We also have the following accepted practices:
- Accepted Practices for Spray Drying Systems for Milk and Milk Products, Number 607-04, includes all equipment necessary for spray drying milk and milk products, beginning with the discharge of the final pump which delivers the liquid product to the atomizers and terminates at the point the finished product leaves the system for conveying either to the packaging system or to bulk storage.
- Accepted Practices for Instantizing Systems for Dry Milk and Dry Milk Products, Number 608-01, includes all equipment necessary for instantizing dry milk and dry milk products, beginning with the equipment which receives the product to be instantized and terminating at the point the product is discharged to either the packaging system or storage.

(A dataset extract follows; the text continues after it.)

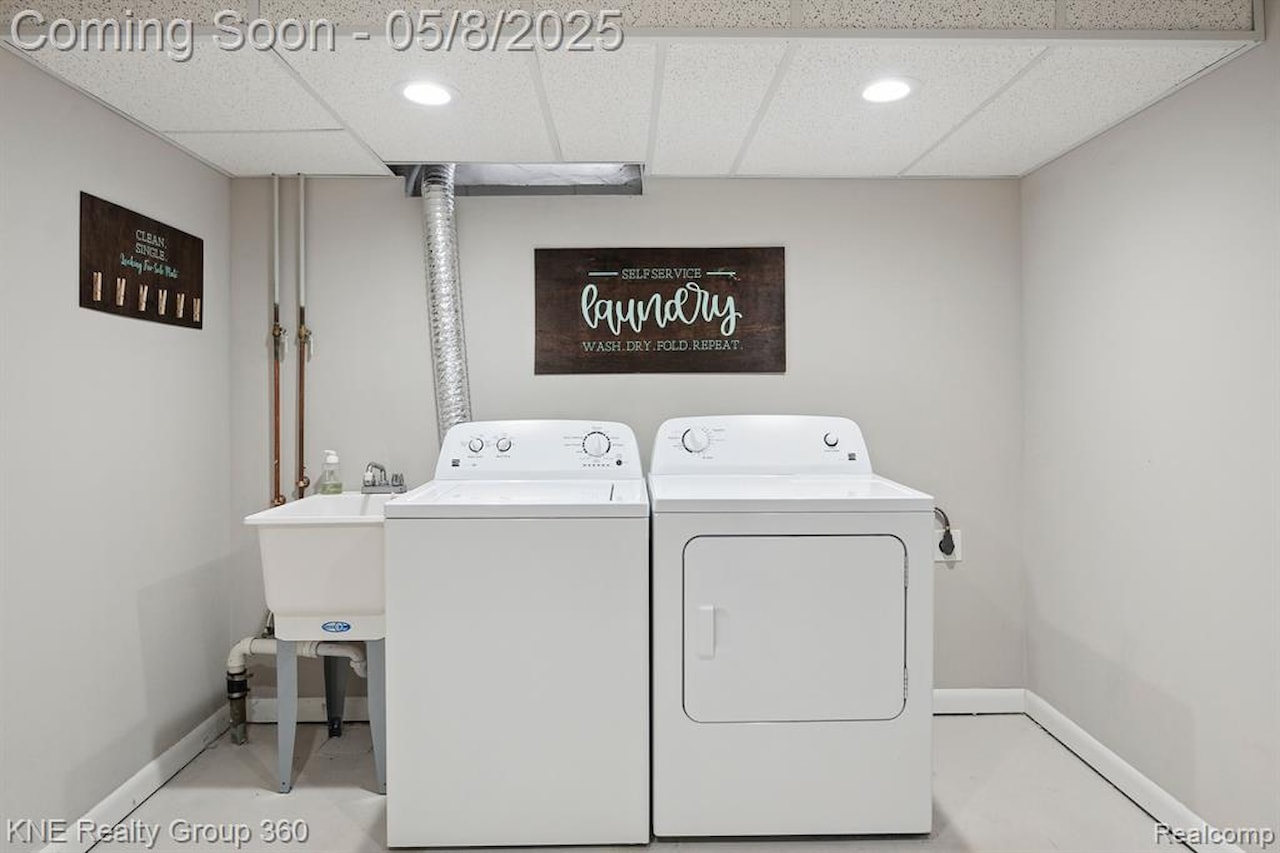 3241 Nordman Rd in Ann Arbor, MI Photo 28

- All of the individual equipment standards feature specific requirements for materials, design, fabrication, cleanability and, if necessary, installation of identified equipment and machinery. The practices also have requirements for processing air.
Complying with FSMA
There is an important gap to be filled when it comes to effectively documenting numerous equipment-related issues of hygienic design and fabrication in a preventive controls plan that will be required for food processors under the Food Safety Modernization Act. Equipment design, along with the appropriate cleaning method, represents just one set of many variables to consider in developing the SSOP (sanitation standard operating procedures). The design criteria for processing equipment - from installation, operation, maintenance, to cleaning and sanitation – are fundamental to an effective SSOP.
This is where the baseline design criteria encompassed by 3-A SSI standards and practices for processing equipment/systems play an indispensable role. Conformance to 3-A Sanitary Standards improves and facilitates cleaning and sanitation programs. It also facilitates validation. Without proper hygienic design and construction, validation of cleaning efficacy is difficult, if not impossible.